Yes that's precisely the point of excluding it from the RVA profiles. It would mean that Linux distros don't compile code with C enabled, so chips are free to not support C and therefore can achieve higher performance (probably). And it opens 3/4 of the instruction encoding space for use by other things.
> Also the excuse given by Qualcomm - that it would make all instructions fixed length and so much easier to decode - is just wrong. RISC-V supports variable length instructions, even much longer than 32 bits, and you've just got to deal with it.
It's not wrong. RISC-V defines a mechanism by which 48/64 bit instructions might be used, but currently none are actually defined. All existing instructions are 16 or 32 bits. Without C all instructions are 32 bits. You don't have to deal with 48 bit instructions because there aren't any.

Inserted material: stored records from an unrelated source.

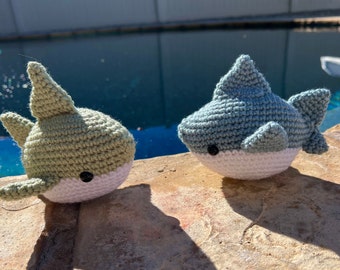 Custom Crochet Shark, Adorable Amigurumi, Handmade Made to Order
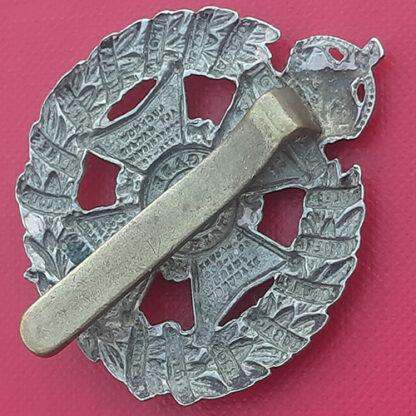 The Rifle Brigade - King's Crown White Metal Cap Badge. - Image 2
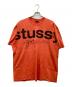 stussy（ステューシー）の古着「Tシャツ」｜オレンジ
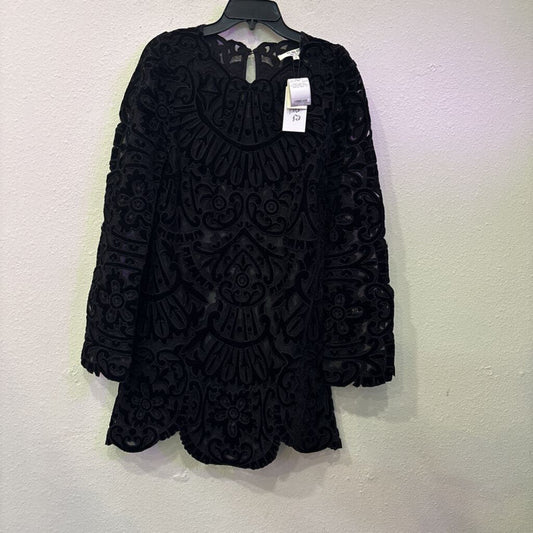 SEA NEW YORK,NWT VELVET PATTERNED SHELL DRESS ,BLK ,12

It's possible that they will add some in future, but I'm doubtful of that because a) it would be a huge pain, and b) they didn't for Vector which is where it would have been most useful.
> Just because Qualcomm acquired a company with a microarchitecture that could only deal with fixed length instructions is no reason to break the ecosystem.
Yeah it was too late to change but that doesn't mean it wasn't a mistake.
Zicond looks good - I forgot that exists.
The debate was between 16/32/48/64-bit instructions vs naturally aligned 32-bit and 64-bit instructions + new more complex instructions that require cracking to regain code size (things like load/store pair).
> RISC-V defines a mechanism by which 48/64 bit instructions might be used, but currently none are actually defined
The long-instruction-SIG just started a few weeks ago, and they are working on defining 48/64-bit encodings for instructions that could be used in future RVA profiles (so with high perf implementations in mind). If you are knowledgeable about this stuff, please get involved, so they don't mess it up. (not "you" specifically, but in general)
A bunch of vendors have done high performance server chips which support compressed (Rivos, Ventana, some Chinese vendors), so in actual reality this was only a problem for Qualcomm. And that's only because Qualcomm bought Nuvia and they wanted to do the cheap thing (minimally change the front end) rather than the right thing.
...no, not really? There is nothing like 9 byte-long MOVABS instruction of x64 that exists on RISC-V.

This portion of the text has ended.